Statistical analysis is similarly presented for WHH^HR  and WHH^MAP . Further details on the quality of the WHH  results and the methodological issues surrounding WHH  estimation are included in the Discussion.

All statistical tests were performed using the R statistical package v2.13.1 (The R Foundation for Statistical Computing, Vienna, Austria) and two-tailed P < 0.05 was considered to be statistically significant.

Between the four patients, a total of nine events of suitable data quality were obtained where no other confounding anesthetic (e.g. , fluid administration) or surgical perturbation was present. Summary statistics for the spectral parameters calculated from these events are detailed in tables 2and 3.
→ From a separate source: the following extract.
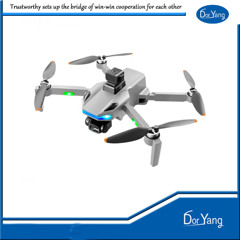 M104 Dual-Camera High-Definition Aerial Drone - Buy Now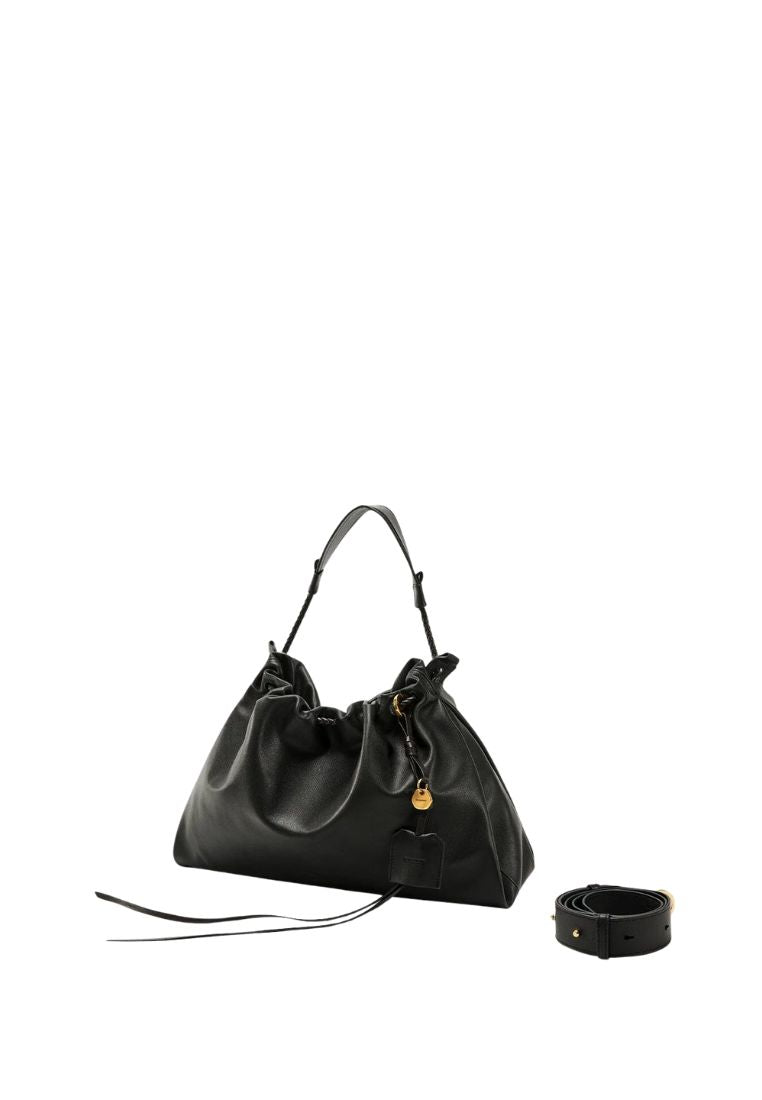 Small Gather Bag Set - Onyx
Figure 3A shows the effect of vasopressor boluses on the dominant Hölder exponent for MAP, h^mMAP . Immediately after the bolus, a statistically significant increase in h^mMAP  is seen (table 2), reflecting a change to a more correlated physiologic process with greater long-term memory behavior. During this time the system exhibits a short period of correlated behavior (Hölder exponents more than 1) or near- correlated behavior (Hölder exponents tending toward 1). Subsequently h^mMAP  decreases to a value greater than its starting point, suggesting a more correlated underlying behavior persists. Metaraminol causes almost pure α-1 adrenergic mediated vasoconstriction, changing an under-filled vasculature into a much “tighter” system with fewer homeokinetic mechanisms in action. In other words, less homeokinetic complexity is present. Our observation of altered fractal behavior in response to pharmacological perturbation indicates a profound alteration in the nonlinear character of the ensemble of interacting physiologic homeokinetic mechanisms. Thus, cardiovascular pharmacology allows the clinician not only to manipulate traditional physiologic parameters, such as blood pressure or HR, but also to fundamentally control the stability of the system as a whole by modifying the total activity/number of homeokinetic mechanisms in operation.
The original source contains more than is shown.